It seemed not long ago when I recall no longer seeing this classmate of mine attend the same school I had found myself enrolled into one school year. I remember her distinctly for two significant memories: 1. she quietly would sell these beautiful homemade hair clips during recess 2. she and I were the only two girls who stood out during recess.

It may have dawned on me then that the latter memory suggested the color of our skin- I, brown; she, black. Nonetheless, I remained at that school to the very end of that school year. She, lasting only a few months before I saw her never again. 

To this day, having stayed another year in that town where I experienced being left at a wrong bus stop to find my way back home, my Papa having chains around his neck while riding his bike and honking a horn at a South Gate of a fairground as the only job he could find at one time, and being told, “I’d play with you, but I’m not allowed to”, to name a few well-suppressed memories I have recently just embraced as journeys of my life for “strength training”, I can suggest to have experienced form of injustice. 

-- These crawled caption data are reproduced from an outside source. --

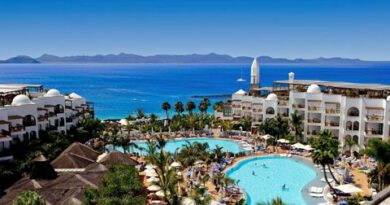 Lees alles over Hotel Princesa Yaiza Suite Hotel Resort  in de plaats Playa Blanca op Lanzarote voor je vakantie in 2025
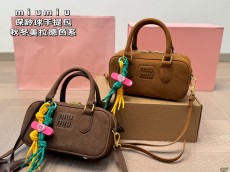 ミュウミュウバッグ Miu Miu 2024新作 ハンドバッグ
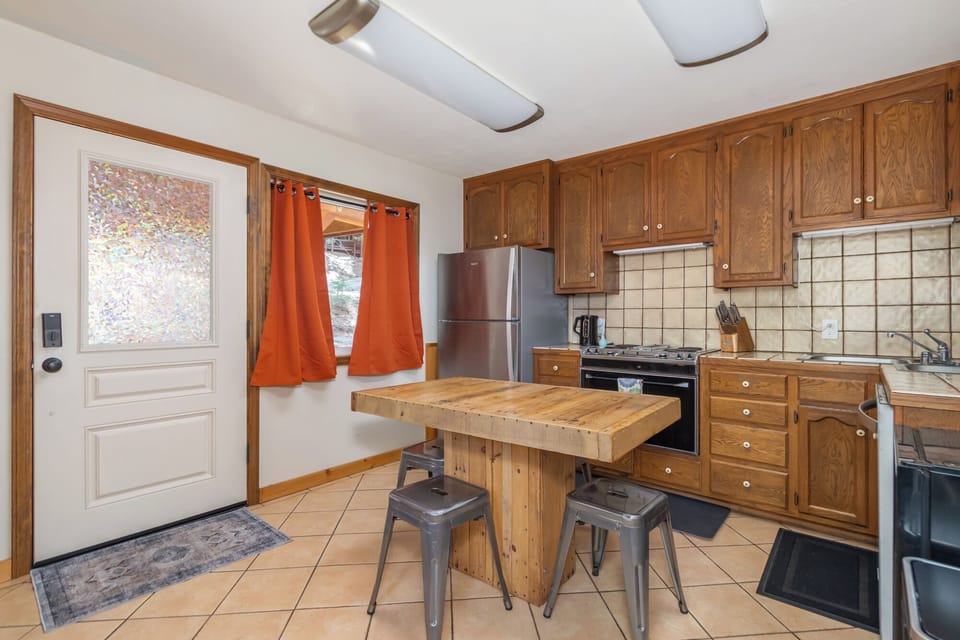 Kitchen 1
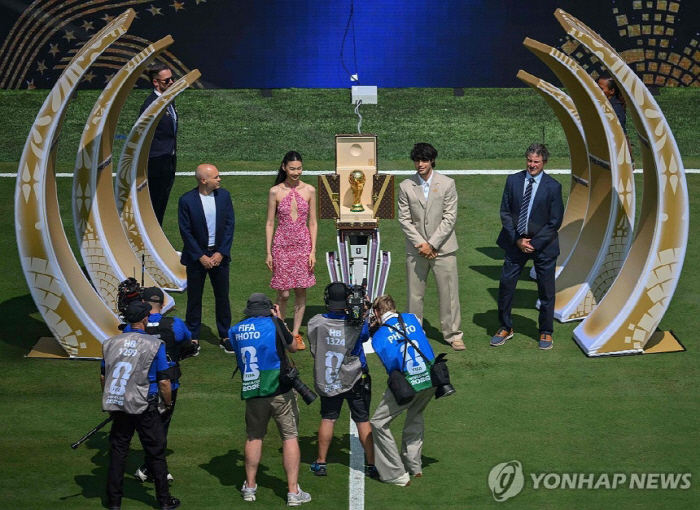 정호연이 왜 거기서 나와…월드컵 결승전 한가운데 우승 트로피 깜짝 공개
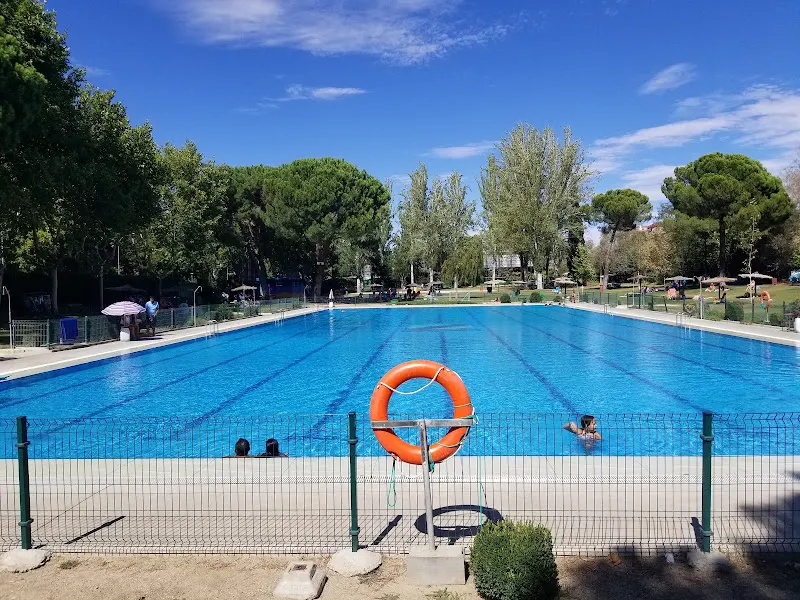 Piscina Club Deportivo Estoril 2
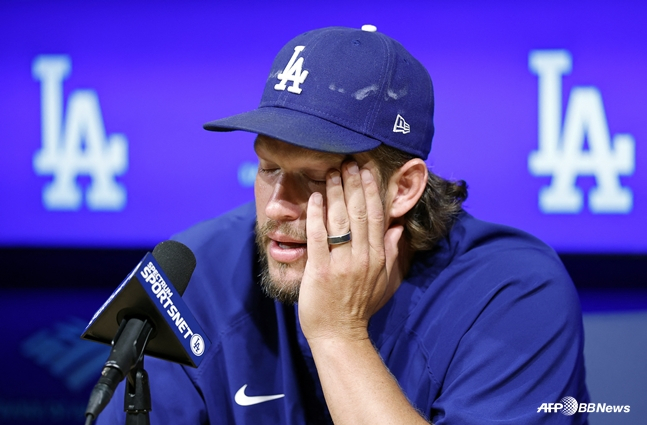 9월 19일 은퇴를 발표하는 기자회견을 개최한 커쇼. /AFPBBNews=뉴스1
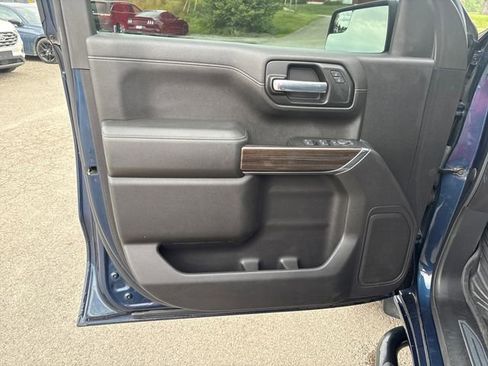 Used 2022 Chevrolet Silverado 1500 LT Trail Boss w/ Bed Protection Package AWD/4WD image 7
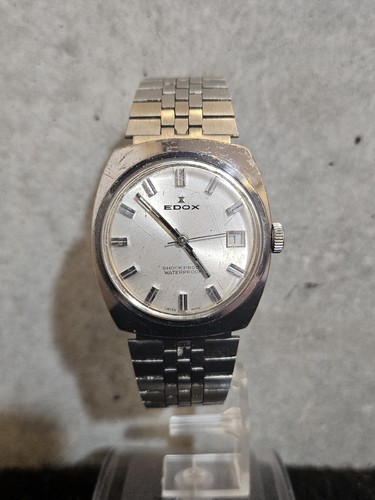 Montre vintage homme suisse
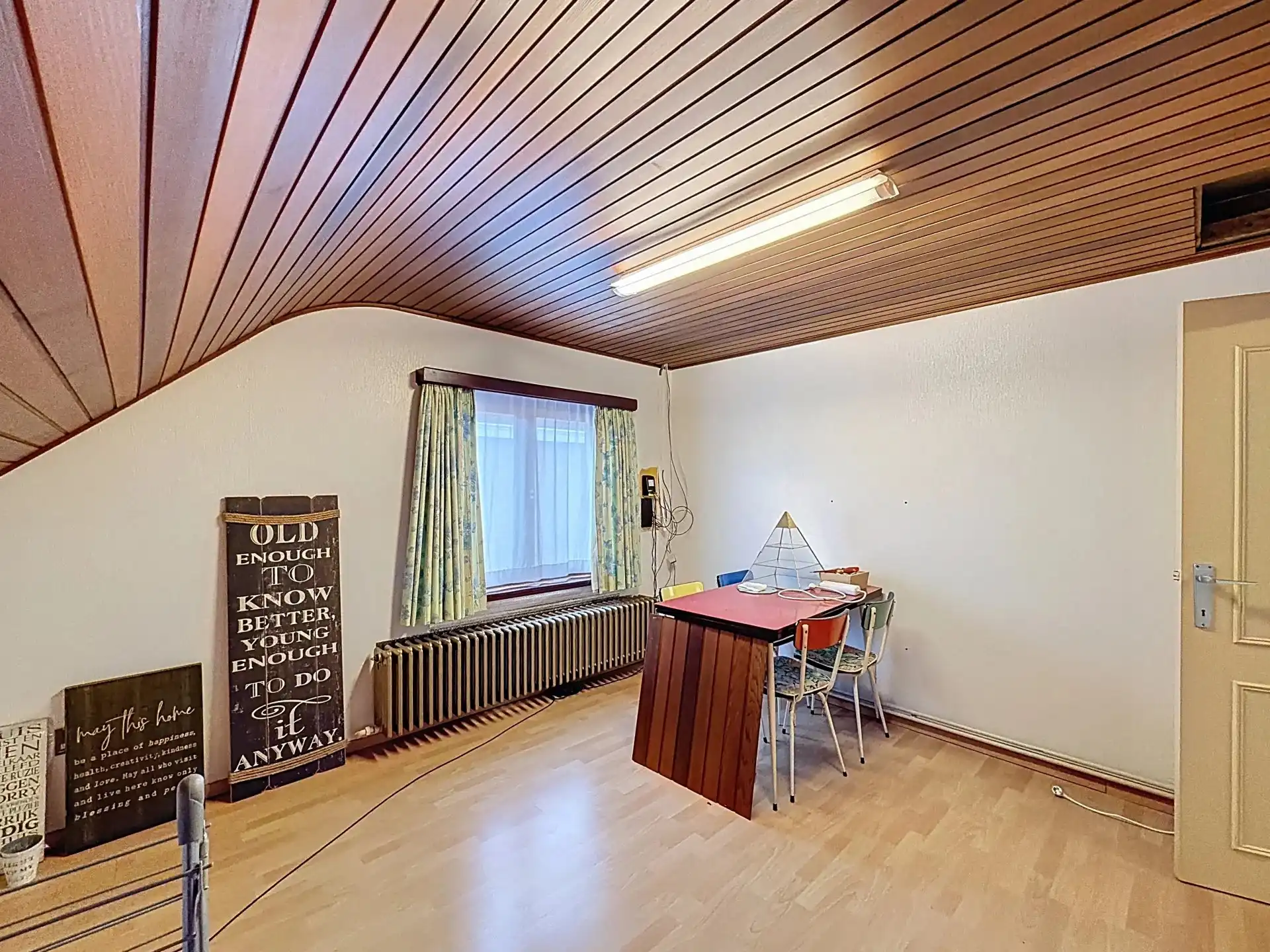 Op te frissen woning met 4 slaapkamers op een groot perceel. foto 27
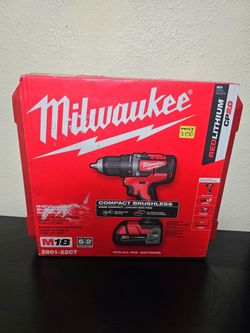 MILWAUKEE M18 BRUSHLESS DRILL KIT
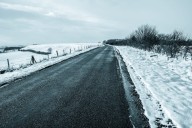 How to stay safe on winter roads with defensive driving techniques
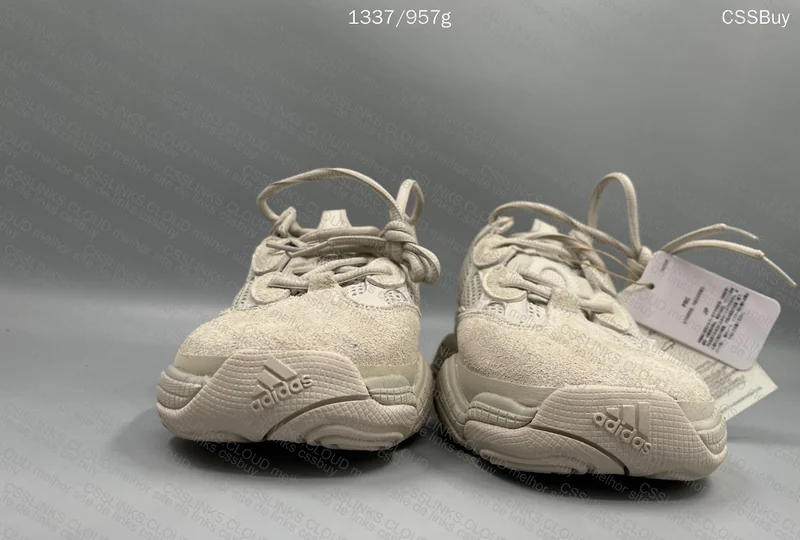 YEEZY 500 TAUPE LIGHT 2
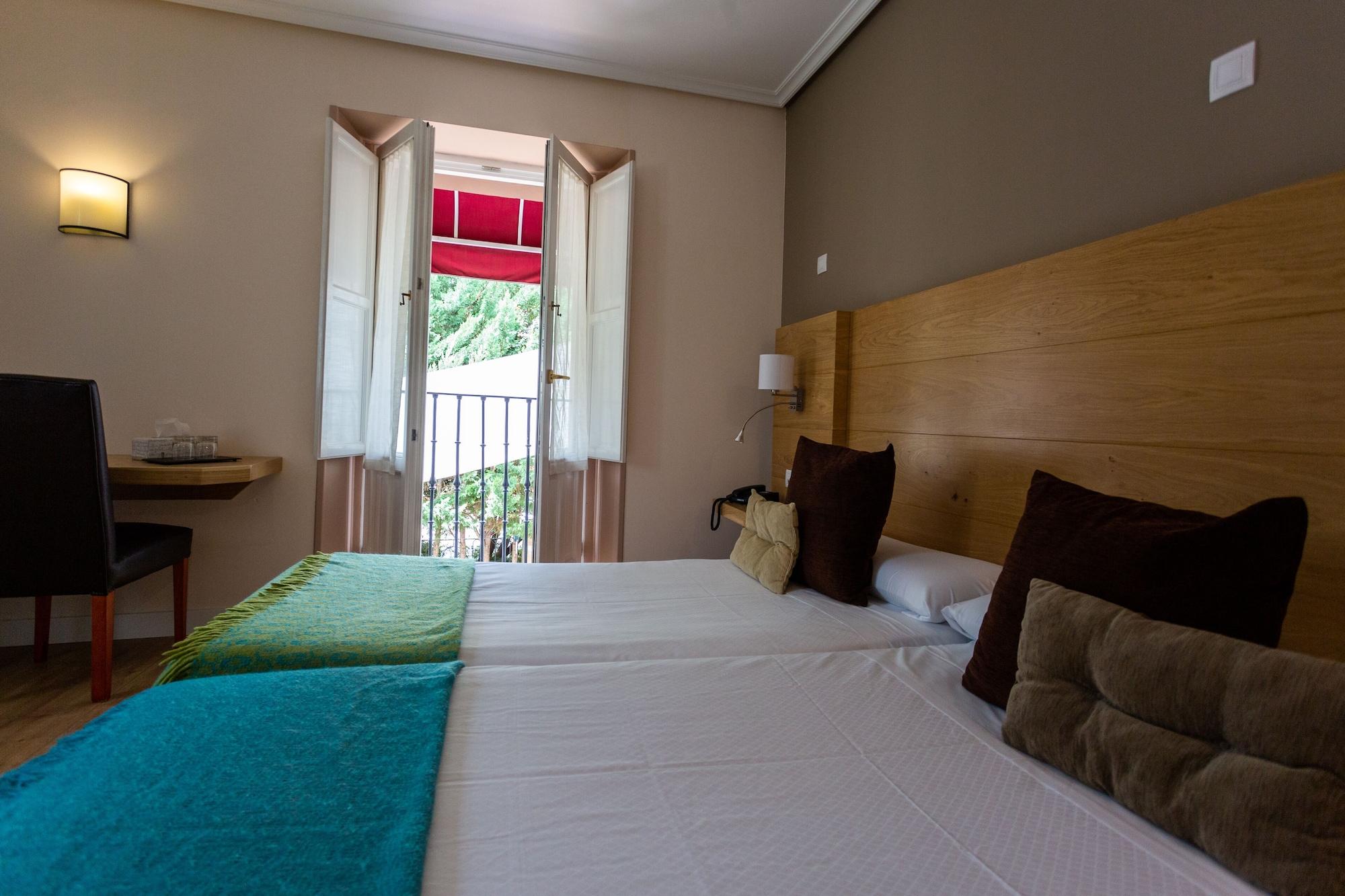 Hotel Arrope อาโร ภายนอก รูปภาพ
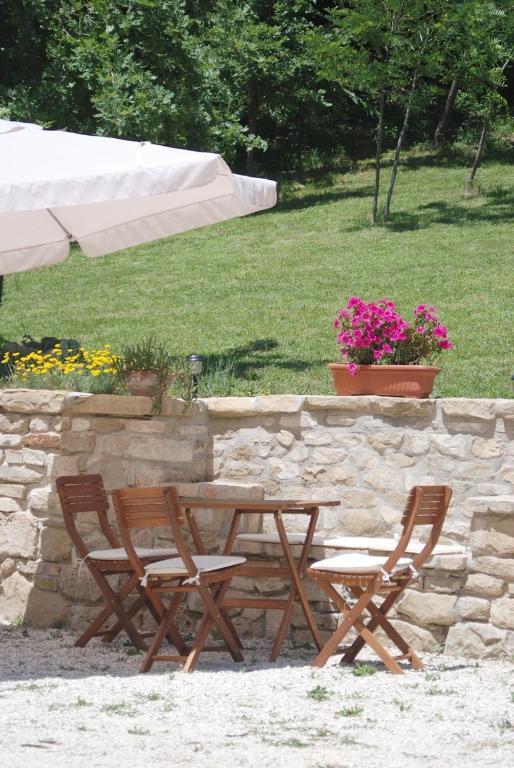 B&B San Paterniano Чинголи Экстерьер фото
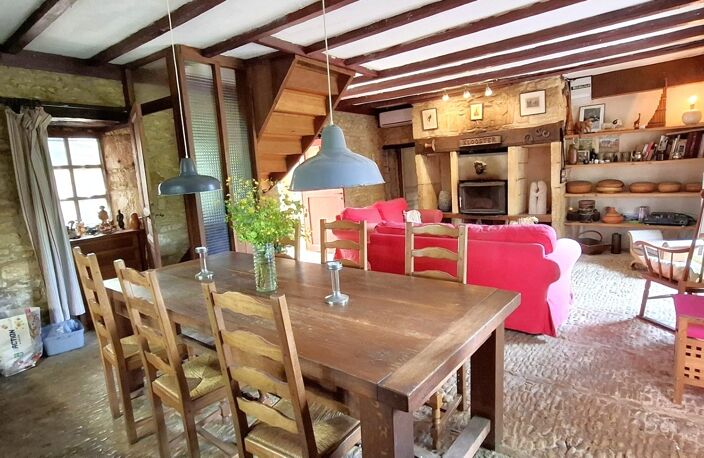 LA CHAPELLE AUBAREIL (24), Maison de 8 pièces, 200 m2 habitable — photo 4
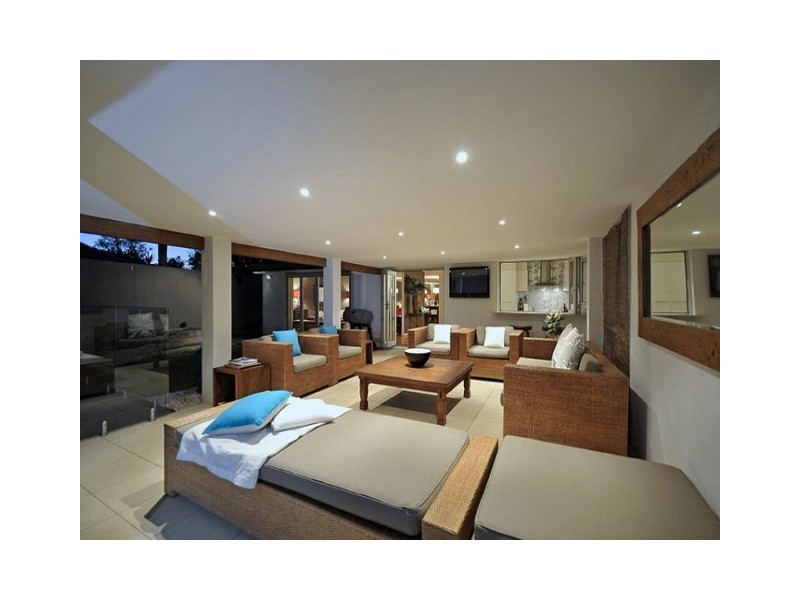 20 Barrier Reef Drive, Mermaid Waters QLD 4218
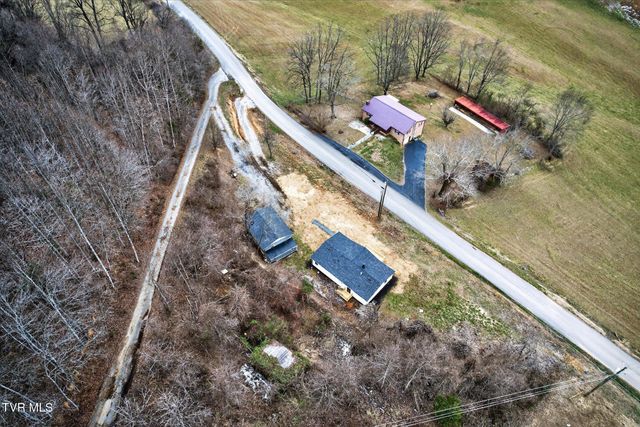 10657 Oak Grove Road, Bristol, VA 24202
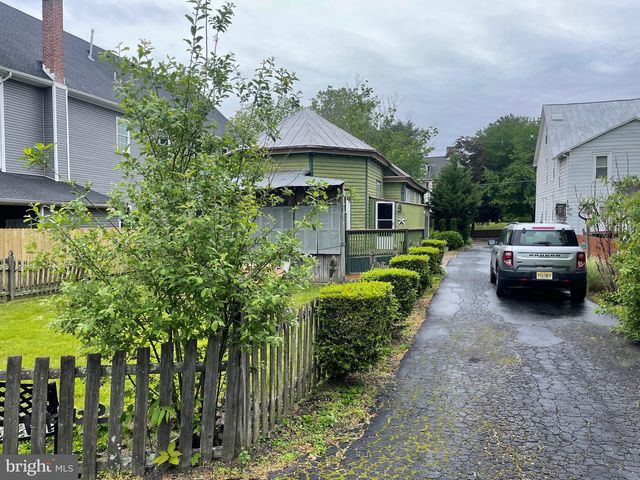 120 HANOVER ST, Pemberton, NJ 08068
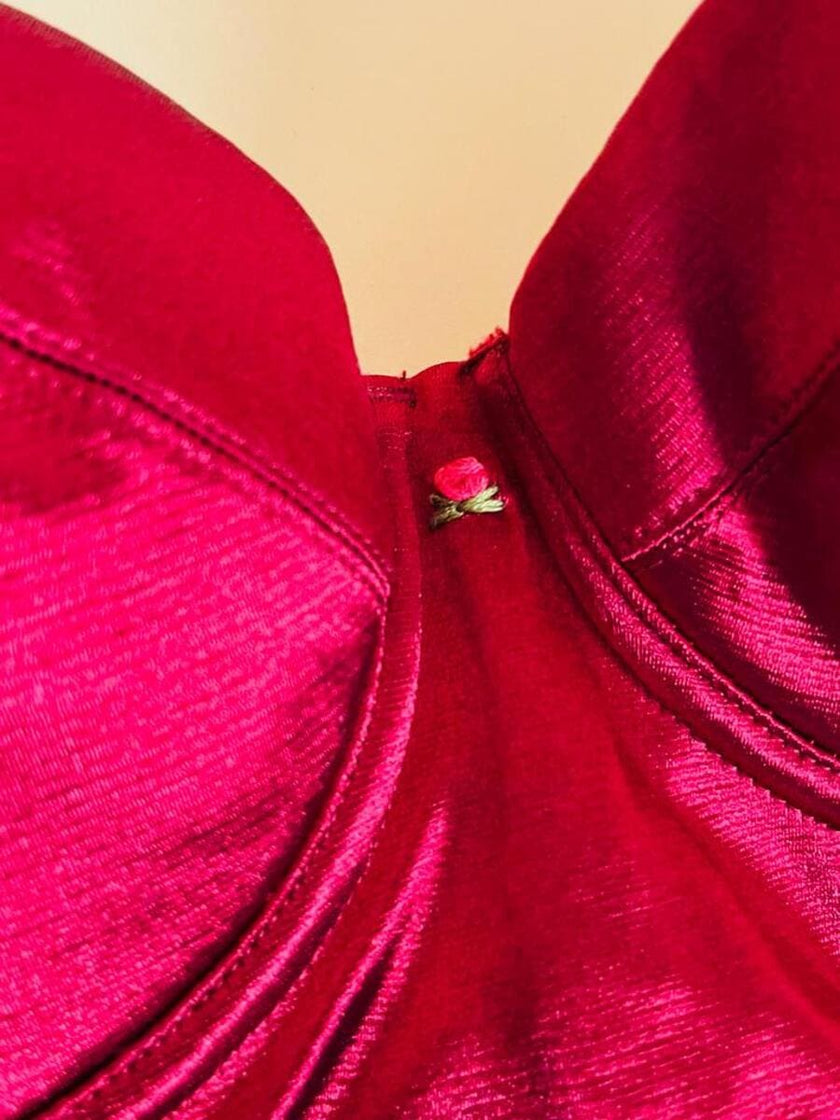 Bustier in raso stretch rosso cardinale con rosa ricamata a mano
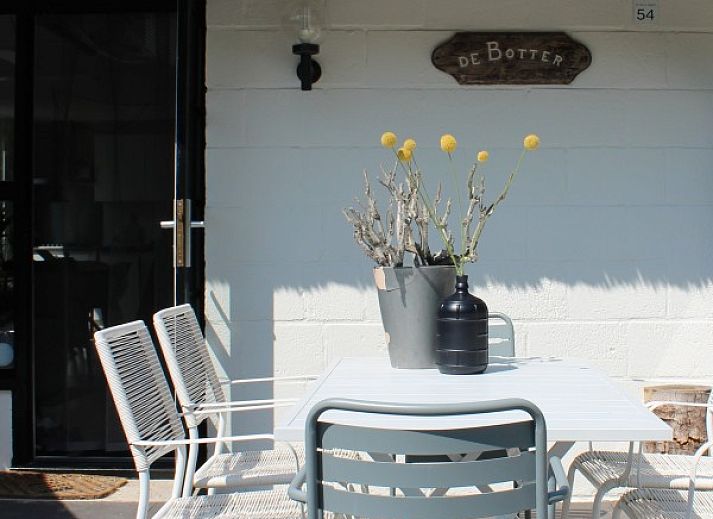 Stijlvolle binnenruimte van vakantiehuis De Botter in Makkum, ideaal voor een verblijf aan de Friese meren.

I am married to a predominantly black man. This, I tell myself, does not excuse me nor give me permission to think I understand what it is like to BE black. I am not a black woman. While I have had my own path of experiences, seeing examples of what to be and what not to be exemplified by those around me who either clearly broke free from fear and ignorance to those who are entrapped and confined to such unfortunate walls, my black classmate’s family leaving that town before us suggested to me this: the darker, the more opposition. 

One can always push for enlightenment and greater understanding of this world and the ongoing division. It is why I thought of nothing to hold me back when I was given the opportunity to interview Mrs. Rivian Smith, an active to this day bright, strong, mother, sister, grandmother, wife, and to add, black woman.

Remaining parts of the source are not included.